Now, Who inspired me to write “Seabird” is another story entirely.

Alisha: When do you get your best ideas and why do you think this is?

Sherry: My best ideas are inspired in a variety of ways but dreams frequently provide me with unexpected imagery and even with occasional dialogue. I am not a lucid dreamer but I remember dreams with more ease than many people do. Walking whether on a path or on a meditation labyrinth is helpful. Prayer is helpful.

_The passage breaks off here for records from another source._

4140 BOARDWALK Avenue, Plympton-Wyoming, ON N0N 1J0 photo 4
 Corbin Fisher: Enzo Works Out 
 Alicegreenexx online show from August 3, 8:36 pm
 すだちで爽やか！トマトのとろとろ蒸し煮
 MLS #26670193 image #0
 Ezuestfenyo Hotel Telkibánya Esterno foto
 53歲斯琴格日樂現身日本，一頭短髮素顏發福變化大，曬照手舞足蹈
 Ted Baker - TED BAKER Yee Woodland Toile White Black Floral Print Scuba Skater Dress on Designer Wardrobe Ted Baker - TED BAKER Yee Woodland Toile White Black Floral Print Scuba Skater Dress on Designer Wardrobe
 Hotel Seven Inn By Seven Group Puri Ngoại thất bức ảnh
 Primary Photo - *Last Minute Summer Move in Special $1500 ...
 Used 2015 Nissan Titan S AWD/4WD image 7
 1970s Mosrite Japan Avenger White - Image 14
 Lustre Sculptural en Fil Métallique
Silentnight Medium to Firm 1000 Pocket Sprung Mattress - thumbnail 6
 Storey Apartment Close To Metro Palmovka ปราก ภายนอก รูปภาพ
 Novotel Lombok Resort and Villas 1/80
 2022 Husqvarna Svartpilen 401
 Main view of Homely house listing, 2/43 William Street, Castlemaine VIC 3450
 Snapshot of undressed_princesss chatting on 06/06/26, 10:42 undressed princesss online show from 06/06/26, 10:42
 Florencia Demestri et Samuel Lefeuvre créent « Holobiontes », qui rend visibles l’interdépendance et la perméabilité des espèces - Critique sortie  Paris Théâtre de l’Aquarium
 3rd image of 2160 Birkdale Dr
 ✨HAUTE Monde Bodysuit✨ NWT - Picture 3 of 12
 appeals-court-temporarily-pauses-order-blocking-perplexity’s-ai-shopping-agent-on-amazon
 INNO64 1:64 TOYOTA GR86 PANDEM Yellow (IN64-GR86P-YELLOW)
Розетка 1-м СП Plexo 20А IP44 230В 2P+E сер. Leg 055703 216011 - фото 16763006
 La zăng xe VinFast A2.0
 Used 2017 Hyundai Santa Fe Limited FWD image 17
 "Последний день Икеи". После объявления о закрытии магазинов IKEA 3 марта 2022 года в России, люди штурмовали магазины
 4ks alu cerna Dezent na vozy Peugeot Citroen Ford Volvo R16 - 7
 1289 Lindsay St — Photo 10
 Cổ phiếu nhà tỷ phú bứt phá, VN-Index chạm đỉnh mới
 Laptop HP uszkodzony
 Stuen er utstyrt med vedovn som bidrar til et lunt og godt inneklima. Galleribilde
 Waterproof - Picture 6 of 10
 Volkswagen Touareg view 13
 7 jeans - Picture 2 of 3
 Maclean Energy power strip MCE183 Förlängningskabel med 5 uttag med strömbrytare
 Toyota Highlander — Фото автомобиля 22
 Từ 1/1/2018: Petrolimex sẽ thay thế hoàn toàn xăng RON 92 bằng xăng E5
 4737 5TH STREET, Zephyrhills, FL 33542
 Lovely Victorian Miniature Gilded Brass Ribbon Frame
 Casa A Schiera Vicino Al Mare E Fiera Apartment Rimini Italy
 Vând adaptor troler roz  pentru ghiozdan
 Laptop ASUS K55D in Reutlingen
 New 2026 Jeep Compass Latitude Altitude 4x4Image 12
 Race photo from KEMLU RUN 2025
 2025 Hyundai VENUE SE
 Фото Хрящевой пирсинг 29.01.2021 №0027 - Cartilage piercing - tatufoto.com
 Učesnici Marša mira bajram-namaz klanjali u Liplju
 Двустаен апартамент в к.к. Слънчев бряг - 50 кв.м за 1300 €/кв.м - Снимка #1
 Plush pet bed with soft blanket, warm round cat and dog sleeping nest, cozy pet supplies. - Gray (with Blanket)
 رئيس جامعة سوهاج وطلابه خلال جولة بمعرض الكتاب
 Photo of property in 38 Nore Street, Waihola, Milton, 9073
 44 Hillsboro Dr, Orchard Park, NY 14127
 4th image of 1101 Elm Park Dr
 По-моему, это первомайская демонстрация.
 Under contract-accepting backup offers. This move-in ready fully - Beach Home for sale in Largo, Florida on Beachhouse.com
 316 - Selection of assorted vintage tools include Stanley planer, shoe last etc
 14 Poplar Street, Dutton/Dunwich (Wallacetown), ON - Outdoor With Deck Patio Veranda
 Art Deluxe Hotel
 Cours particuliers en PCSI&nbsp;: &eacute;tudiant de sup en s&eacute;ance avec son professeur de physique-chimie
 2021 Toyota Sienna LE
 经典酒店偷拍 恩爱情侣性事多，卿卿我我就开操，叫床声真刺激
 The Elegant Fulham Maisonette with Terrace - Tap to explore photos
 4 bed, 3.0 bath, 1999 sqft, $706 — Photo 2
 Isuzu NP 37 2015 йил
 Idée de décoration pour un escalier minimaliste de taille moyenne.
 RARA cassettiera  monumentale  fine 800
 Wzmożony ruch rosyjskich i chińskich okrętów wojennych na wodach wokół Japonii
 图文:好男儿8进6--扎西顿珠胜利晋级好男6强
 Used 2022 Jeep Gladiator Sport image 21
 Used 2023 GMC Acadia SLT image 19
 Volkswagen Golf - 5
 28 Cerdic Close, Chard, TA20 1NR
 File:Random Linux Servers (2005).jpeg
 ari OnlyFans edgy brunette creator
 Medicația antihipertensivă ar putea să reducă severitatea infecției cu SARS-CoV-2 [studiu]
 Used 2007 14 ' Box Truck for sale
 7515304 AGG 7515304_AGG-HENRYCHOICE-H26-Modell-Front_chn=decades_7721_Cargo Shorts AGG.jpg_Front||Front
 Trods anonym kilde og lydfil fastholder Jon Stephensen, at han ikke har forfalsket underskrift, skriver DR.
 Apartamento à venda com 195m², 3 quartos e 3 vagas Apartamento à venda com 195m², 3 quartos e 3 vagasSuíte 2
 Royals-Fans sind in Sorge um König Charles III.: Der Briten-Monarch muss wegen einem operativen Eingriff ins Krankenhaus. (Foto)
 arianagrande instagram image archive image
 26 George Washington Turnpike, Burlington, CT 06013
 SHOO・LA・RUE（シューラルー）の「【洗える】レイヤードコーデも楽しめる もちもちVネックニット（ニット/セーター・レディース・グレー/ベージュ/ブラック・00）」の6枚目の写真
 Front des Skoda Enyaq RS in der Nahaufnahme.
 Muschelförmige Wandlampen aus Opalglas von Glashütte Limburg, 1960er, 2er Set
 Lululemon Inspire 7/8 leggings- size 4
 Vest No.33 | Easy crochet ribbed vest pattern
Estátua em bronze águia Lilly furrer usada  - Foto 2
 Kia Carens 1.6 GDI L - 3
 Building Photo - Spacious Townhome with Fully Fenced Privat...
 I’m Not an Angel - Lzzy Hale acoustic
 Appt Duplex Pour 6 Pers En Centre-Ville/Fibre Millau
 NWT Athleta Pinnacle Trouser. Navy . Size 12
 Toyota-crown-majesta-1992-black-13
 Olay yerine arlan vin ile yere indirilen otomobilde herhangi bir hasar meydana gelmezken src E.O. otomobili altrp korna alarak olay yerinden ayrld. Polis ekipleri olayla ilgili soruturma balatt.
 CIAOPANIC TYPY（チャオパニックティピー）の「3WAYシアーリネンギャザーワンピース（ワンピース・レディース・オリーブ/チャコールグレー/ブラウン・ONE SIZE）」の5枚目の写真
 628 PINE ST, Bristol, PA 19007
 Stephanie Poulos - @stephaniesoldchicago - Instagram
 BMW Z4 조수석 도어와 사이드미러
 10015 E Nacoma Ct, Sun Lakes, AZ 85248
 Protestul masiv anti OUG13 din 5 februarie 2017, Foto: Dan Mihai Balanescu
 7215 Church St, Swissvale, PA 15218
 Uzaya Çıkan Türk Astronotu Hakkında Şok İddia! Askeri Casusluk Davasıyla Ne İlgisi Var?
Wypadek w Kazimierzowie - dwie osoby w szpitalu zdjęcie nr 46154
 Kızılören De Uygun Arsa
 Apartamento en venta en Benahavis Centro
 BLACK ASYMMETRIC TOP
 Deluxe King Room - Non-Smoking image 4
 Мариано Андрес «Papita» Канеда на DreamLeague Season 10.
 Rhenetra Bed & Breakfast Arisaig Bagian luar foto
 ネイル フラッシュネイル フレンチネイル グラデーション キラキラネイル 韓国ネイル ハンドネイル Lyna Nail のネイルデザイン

News articles sometimes give me insight into interpersonal relationships.

Alisha: They say authors have immensely fragile egos… How would you handle negative criticism or a negative review?

Sherry: Define negative criticism.

I’m always eager, even begging for considered and thoughtful input especially when it is specific enough for me to act upon it. I have no problem at all with suggestions for bettering my craft.

I get bent out of shape when someone is evidently reviewing something other than what I’ve written.

Making this up as I go here, “This book is a romantic comedy.” (Me: Say what?) “The author breaks virtually every rule of the romantic comedy genre. For instance, the heroine should never ...” (Me: What a waste of time!)

Alisha: When it comes to writing, are you an early bird, or a night owl?

Sherry: Are you kidding? I am a super night owl! Unless I have to do otherwise, I go to bed at 4 am and get up 11 am.

Since I retired in 2000, I have been able to follow my body’s own natural biorhythms for the first time in my life. Even as a child, I always did my story creation after I was presumably in bed asleep. Creativity kicks in for me late in the evening—or rather everyone else’s evening.

Alisha: I'm a total night owl too. Do you have any unusual writing quirks?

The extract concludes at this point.